The Wealthy and Powerful Aid Social and Economic Justice Activists

10 Business Leaders that Just Say No to Income Equality

by Vince Lamb Flickr/creative commons

by Vince Lamb
Flickr/creative commons

A recent report from Standard & Poor’s (S&P) led us to examine more closely how income inequality dampens growth for rich in poor alike. Conservatives, as well as progressives, are beginning to better understand some of the underlying causes, and what can be done. Safety net programs such as social security and food stamps are not the culprit. Actually at fault are things like tax cuts for the highest earners, the tendency of rich people to accumulate wealth for the sake of accumulation without putting some back into the economy, and growing gaps in educational opportunity which inhibit social mobility.

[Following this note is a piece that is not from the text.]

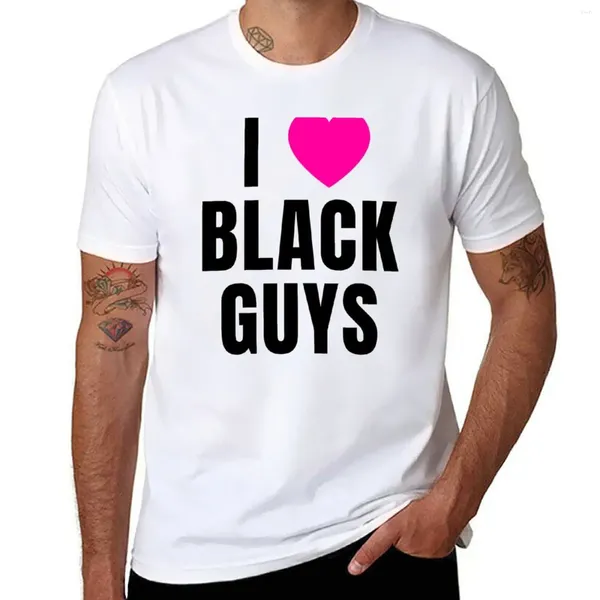 Polos masculins I Love Black Guys T-shirt Vêtements esthétiques Graphiques vintage Tees Mens White T-shirts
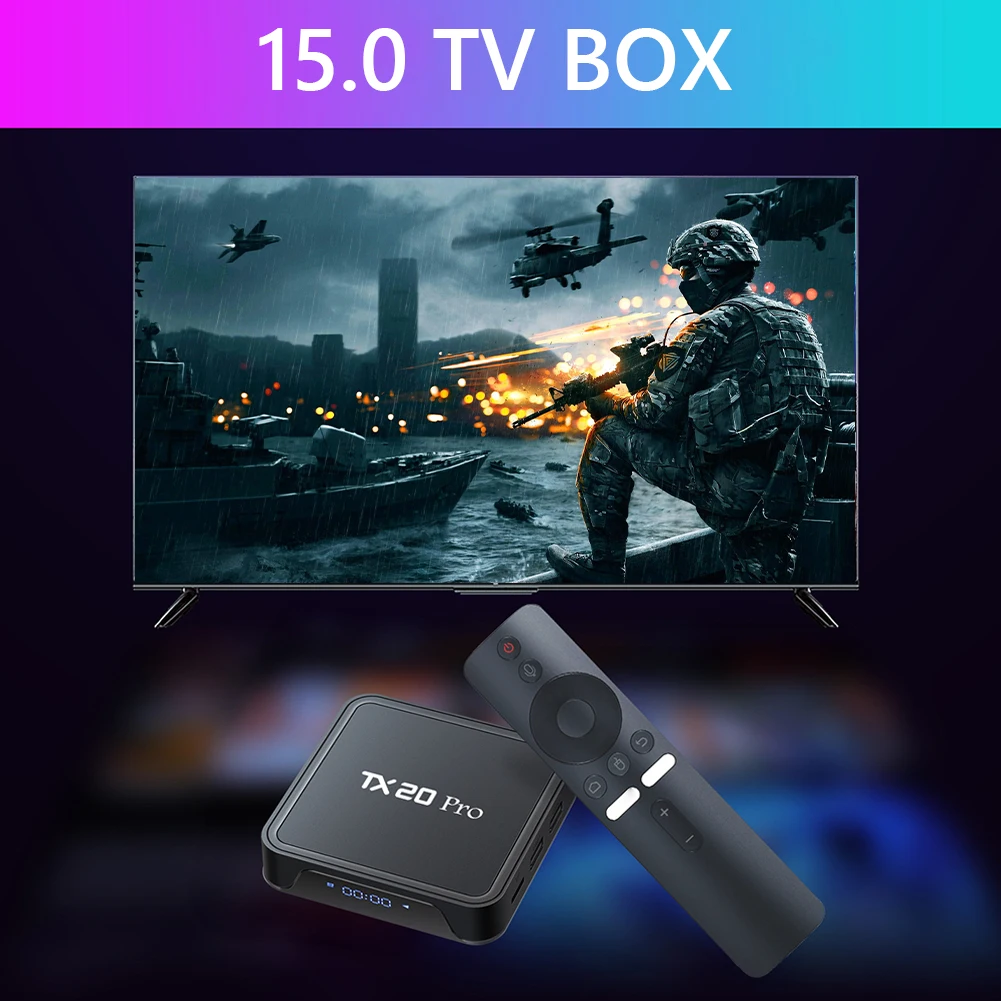 TX20 PRO ATV Android 15.0 Smart TV Box H313 Quad Core 4K HD Media Player Dual WIFI Bluetooth Set Top Box with Remote Control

Capital and Main collaborated with The Huffington Post to spotlight some powerful people who already understand the problem and are available now to be tapped as resources, sponsors, and donors in the struggle for social and economic justice. We have paraphrased it slightly (with credit) and added some hyperlinks  to help you on your way to greater advocacy on this important issue.

Here it is. Go get ’em!

  • Ben & Jerry’s ice cream co-founder Ben Cohen founded TrueMajority to stem the financial bailout of banks, and Business Leaders for Sensible Priorities to help transfer taxpayer money from military programs to education and health care.
  • Multinational investment manager Morris Pearl is a member of Patriotic Millionaires for Fiscal Strength which favors the end of tax cuts for the wealthy.
  • Library software entrepreneur Stephen M. Silberstein endorses corporate tax rates that tie CEO pay to average worker income, and executive-produced Robert Reich’s documentary Inequality for All.
  • Early Amazon.com investor Nick Hanauer has gone on record saying that the middle class consumer is the driver of job creation, advocating for higher median incomes instead of tax cuts for people with high incomes.
  • Republican Ron Unz seeks to raise the minimum wage because it is a conservative issue: If low-wage workers have more money, taxpayers will have to pay less for social programs.
  • Former CEO of AT&T Broadband Leo Hindery, Jr., supports the right of all Americans to join a union.
  • Board member of major corporations Erskine Bowles favors repealing tax breaks for companies moving jobs overseas, expanding “wage insurance” programs to give support to workers forced to work lower paying jobs, and creating nonprofit community development corporations. 
  • Retired civil rights attorney and major Democratic Party donor Guy T. Saperstein is a leading advocate for public option health care, and cautions against a possible President Hillary Clinton because of her close ties to Wall Street.
  • Shout! Factory CEO and philanthropist Richard Foos helps numerous community support organizations such as Chrysalis, which helps to train and employ the long-term unemployed.
  • Investment banker turned Columbia University Professor Eric J. Schoenberg joined the debate about economic inequality by revealing his own tax records in an article for the Huffington Post, pointing out that while the average American family with an income of $55,000 a year pays an effective 5.5 percent tax, Schoenberg pays only one percent.